EXERCISE INSTRUCTIONS
Could you repeat all of the entries exactly, leaving out any pictures?

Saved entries

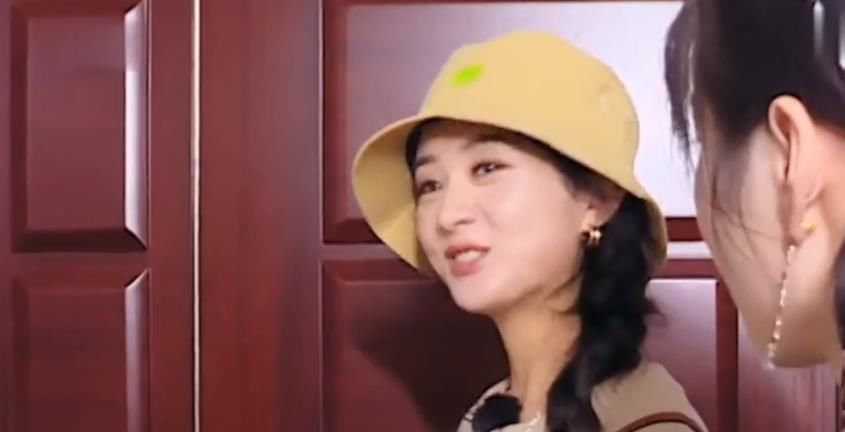  素养|《中餐厅》赵丽颖意外触发铃声，下意识说了三个字，这素养绝了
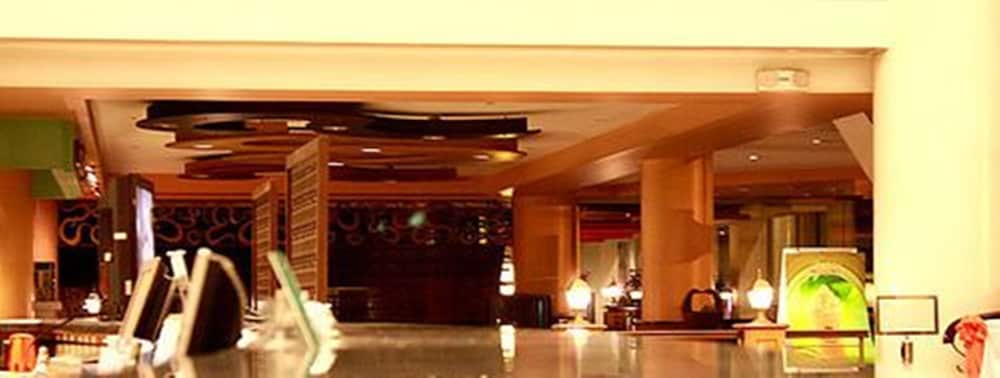 Hotel Supreme Convention Plaza 2/36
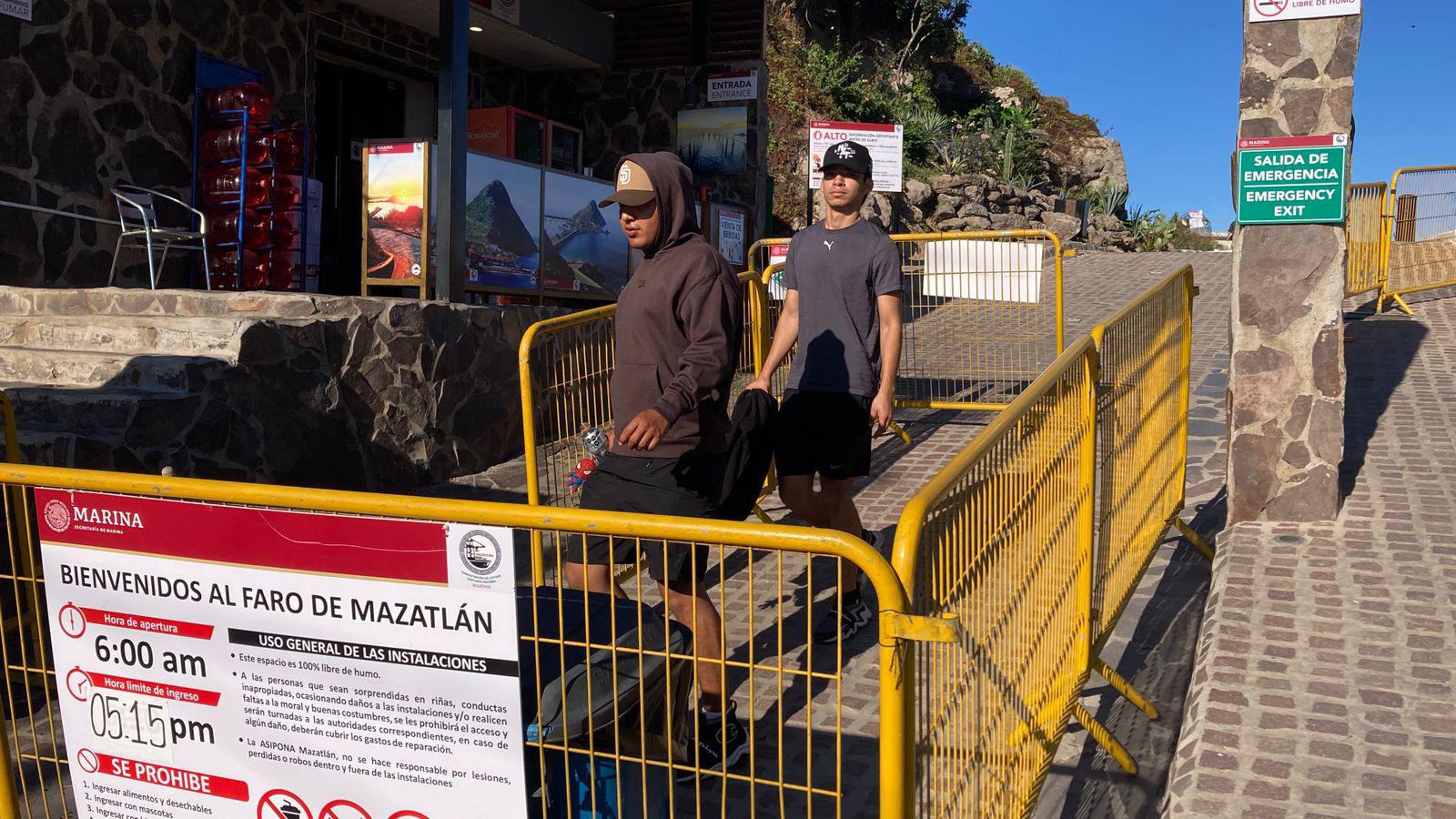 $!Decenas disfrutan la subida al Faro Mazatlán en domingo fresco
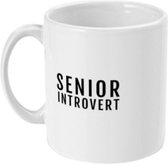 Mok met quote "Senior introvert" - Bedrukte Mok - Cadeau collega - Introvert quote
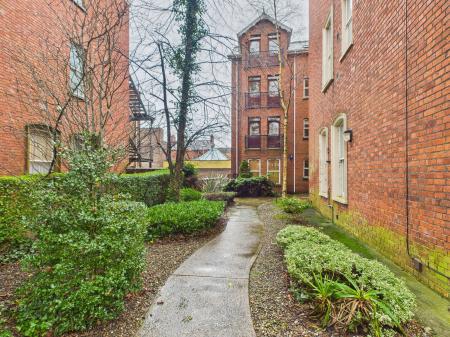 1 bedroom Flat to let in 14 College Gardens, Belfast, BT9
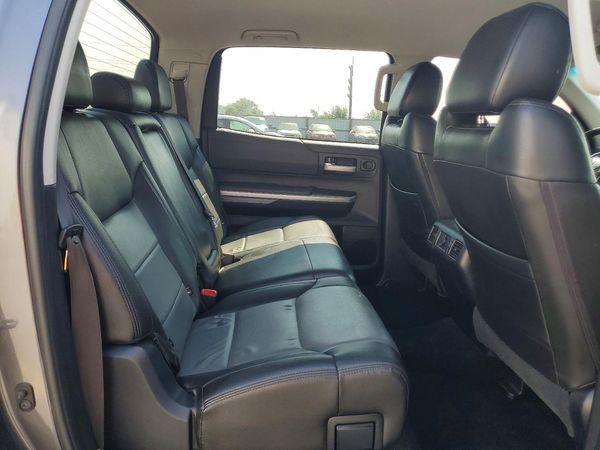 2017 TOYOTA TUNDRA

FINISHED EXERCISE
  素养|《中餐厅》赵丽颖意外触发铃声，下意识说了三个字，这素养绝了
 Hotel Supreme Convention Plaza 2/36
 $!Decenas disfrutan la subida al Faro Mazatlán en domingo fresco
 Mok met quote "Senior introvert" - Bedrukte Mok - Cadeau collega - Introvert quote
 1 bedroom Flat to let in 14 College Gardens, Belfast, BT9
 2017 TOYOTA TUNDRA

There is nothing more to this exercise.